Therese erwachte aus ihrer Starre und schluckte schwer. „Da … da war etwas im Transportsegment … Etwas Lebendiges!“
Ein kurzer Augenblick ungläubiger Stille, dann ruckten die Köpfe der vier anderen zum Fenster. Dort sahen sie undeutlich einen Schatten herumwirbeln, der keine feste Form zu haben und pausenlos in Bewegung zu sein schien. Dann flog wieder etwas gegen die Scheibe und alle schraken zusammen.
Darius Smolsky war der Erste, der seine Sprache wiederfand: „Verfluchte Scheiße!“
Aus dem Bericht der EWAT-Forschungsexpedition NORD
Darius Smolsky, Biologe, Community London
( …) Heute Morgen fanden wir das Ei einer unbekannten Spezies und nahmen es zu Forschungszwecken gut verpackt an Bord. Später am Tag kam es zu einem Zwischenfall: Durch die Erschütterung eines plötzlichen EWAT-Manövers löste sich die Verankerung des Behälters an der Regalwand des Transportsegments. Das Ei zerbrach beim Aufprall und entließ einen lebenden Organismus, der einen vollständig entwickelten und keinesfalls hilflosen Eindruck machte, in das Segment. Aufgrund der Gefährdung unserer restlichen Proben entschlossen wir uns, das Wesen freizulassen. Wir öffneten die Segmentschleuse und die Kreatur entkam in den Wald.

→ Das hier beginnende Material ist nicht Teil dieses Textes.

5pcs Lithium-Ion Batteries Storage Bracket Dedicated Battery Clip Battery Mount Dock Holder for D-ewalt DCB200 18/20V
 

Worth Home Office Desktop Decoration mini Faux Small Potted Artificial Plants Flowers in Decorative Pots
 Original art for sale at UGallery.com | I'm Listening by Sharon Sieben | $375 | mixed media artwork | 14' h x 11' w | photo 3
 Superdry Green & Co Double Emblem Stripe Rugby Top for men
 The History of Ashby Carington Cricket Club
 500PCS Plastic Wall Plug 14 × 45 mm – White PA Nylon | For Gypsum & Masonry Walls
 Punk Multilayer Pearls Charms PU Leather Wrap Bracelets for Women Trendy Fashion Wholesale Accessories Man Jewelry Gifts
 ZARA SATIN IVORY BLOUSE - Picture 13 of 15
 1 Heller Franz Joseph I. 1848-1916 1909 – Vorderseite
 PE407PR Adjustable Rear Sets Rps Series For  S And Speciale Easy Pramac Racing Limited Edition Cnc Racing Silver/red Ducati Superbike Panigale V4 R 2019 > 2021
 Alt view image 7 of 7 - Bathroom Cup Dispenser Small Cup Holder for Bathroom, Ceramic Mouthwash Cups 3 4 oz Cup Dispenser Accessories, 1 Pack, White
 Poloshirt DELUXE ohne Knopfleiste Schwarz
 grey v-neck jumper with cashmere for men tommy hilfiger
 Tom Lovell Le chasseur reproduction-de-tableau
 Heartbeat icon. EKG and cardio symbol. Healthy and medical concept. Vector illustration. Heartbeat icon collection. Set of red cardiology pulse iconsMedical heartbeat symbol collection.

Bisher gingen wir davon aus, dass es sich bei der unter dem Namen BATERA katalogisierten, fledermausartige Spezies um Säugetiere handelt. Aufgrund dieses Ereignisses ist aber anzunehmen, dass es noch eine zweite, ähnliche Spezies gibt, die Eier legt und möglicherweise Nester baut. Eventuell handelt es sich hierbei auch um eine Mutation.
Die Ausmaße des Eies geben Anlass zur Sorge: Bei einer Größe von dreißig Zentimetern muss von Elterntieren ausgegangen werden, die die Körpergröße eines Menschen wenigstens um das Zweifache übertreffen.
Zum weiteren Vorgehen empfehle ich, eine erneute Expedition in das Fundgebiet zu entsenden. Auch um eine eventuelle Bedrohung …
Hier endete die Aufzeichnung abrupt. Es gab keine Spur von den Mitgliedern der Expedition bei dem verlassenen EWAT, der Wochen später von einem Suchtrupp gefunden wurde. Sie gelten als vermisst.